NOS Alive 2018: um arranque 4 estrelas (em 5)
O céu nublado ainda ameaçara chuviscos, mas acabou por ser com rasgos de sol que o NOS Alive 2018 deu o pontapé de saída da edição deste ano. Entre o público, muitas t-shirts dos Arctic Monkeys, os cabeças-de-cartaz do dia, que viriam a encher a plateia do palco principal pela meia-noite. A encher… demasiado?, ousamos perguntar. O tempo de escoamento em hora de ponta é demorado; a zona central de passagem entre os palcos e de acesso às casas de banho sofre, de ano para ano, do mesmo problema (que não é de somenos), tornando-se muito difícil circular pelo recinto e usufruir dos horários dos vários concertos – para não referir a própria segurança. Mas vamos falar de música – o grande trunfo do festival é a quantidade de grandes nomes que preenchem cada dia. Esta quinta-feira inaugural, 12 de Julho, não foi excepção.
Ainda antes do pôr-do-sol, Bryan Ferry animou o Palco NOS com uma big band de nove músicos. O frontman dos Roxy Music, banda de glam rock que ajudou a escrever a história do género no início dos anos 70, resgatou um grande número de canções do catálogo antigo do colectivo. O concerto de Ferry, para além de ter instalado um ambiente de descontracção no recinto, com corpos a balançarem animadamente e muitos sorrisos principalmente entre os ouvintes mais velhos, foi ainda um atestado de qualidade ao som do palco. Distinguiam-se bem os vários instrumentos – o saxofone e o clarinete cuja presença se impôs, a violinista que adornou as melodias, a guitarra límpida. E qualquer coisa no jeito da voz de Ferry, e no arranjo das canções, parecia evocar David Bowie – seu contemporâneo. Não seria a última vez na noite que nos lembraríamos dele. Destaque ainda para “Slave to Love”, um daqueles temas históricos que toda a gente conhece, sabe trautear, mas poucos identificam o autor. Alguém atrás de nós dizia: “nunca esperei vir a ouvir ao vivo esta música”. Um festival também se faz destas agradáveis surpresas.
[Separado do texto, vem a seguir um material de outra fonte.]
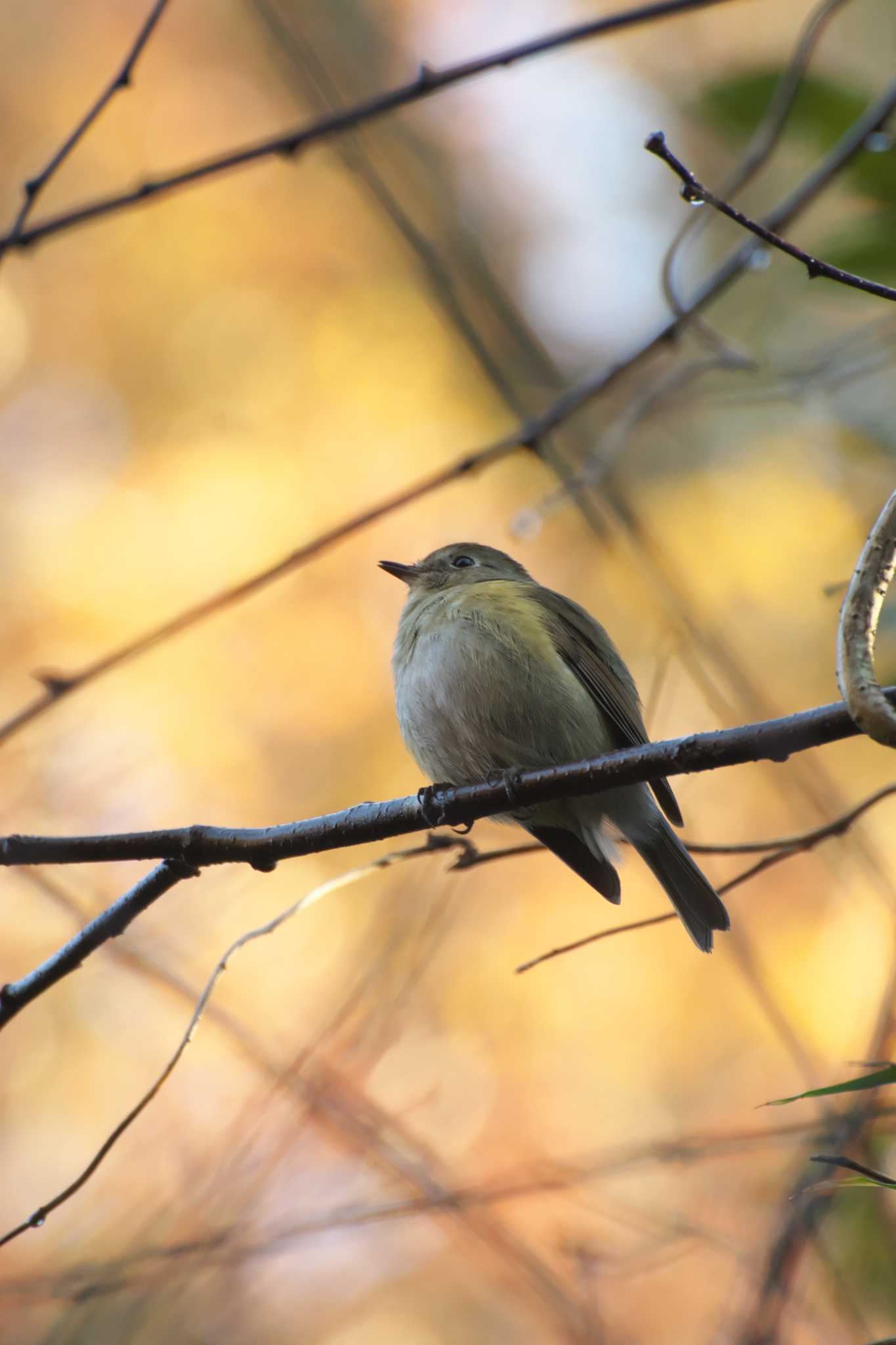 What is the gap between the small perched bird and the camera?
12.4ft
Minutos depois, começava no Palco Sagres a actuação dos Wolf Alice. Foi um dos momentos mais surpreendentemente calorosos da noite – a banda voltou ao palco que já tinha pisado em 2016, na única visita que fizera ao nosso país. Mas, claramente, já angariou um grande grupo de ouvintes fervorosos. A tenda coberta estava repleta às oito da noite, sendo difícil entrar lá para dentro para desfrutar do concerto. Ellie Rowsell alternava entre um estilo vocal mais virado para a spoken word e uma performance cantada com emoção. Embora às primeiras canções a sonoridade se tivesse apresentada um pouco mais extravagante e algo datada, demos por nós a apreciar progressivamente mais o concerto, com um crescendo da qualidade das harmonias e dos arranjos. A ovação do público – intense e sincera – não deixava enganar, e os Wolf Alice sentiram-no do palco: o público presente não deixou de retribuir à banda a boa energia que recebeu.
Provavelmente o concerto da noite. Depois de quase dez anos longe dos palcos portugueses foi através das portas do Alive que a banda de Trent Reznor marcou o seu regresso. E que regresso. Os Nine Inch Nails foram iguais a si mesmos: enérgicos, de pouca interação com o público (já lá chegaremos a esta questão) mas com um historial musical para mostrar e uma competência ímpar na condução de todas as componentes do concerto, quer auditivas, quer visuais. Com uma transmissão em directo a preto e branco para os ecrãs gigantes do palco, com imagens a roçar o cru que a banda tantas vezes nos habituou nos seus álbuns e jogo de luzes, os muitos fãs da banda não puderam sair desiludidos, mesmo com o pouco tempo dado à mesma e que obviamente terá limitado – como não é caso único – a disponibilidade para interagir com o público.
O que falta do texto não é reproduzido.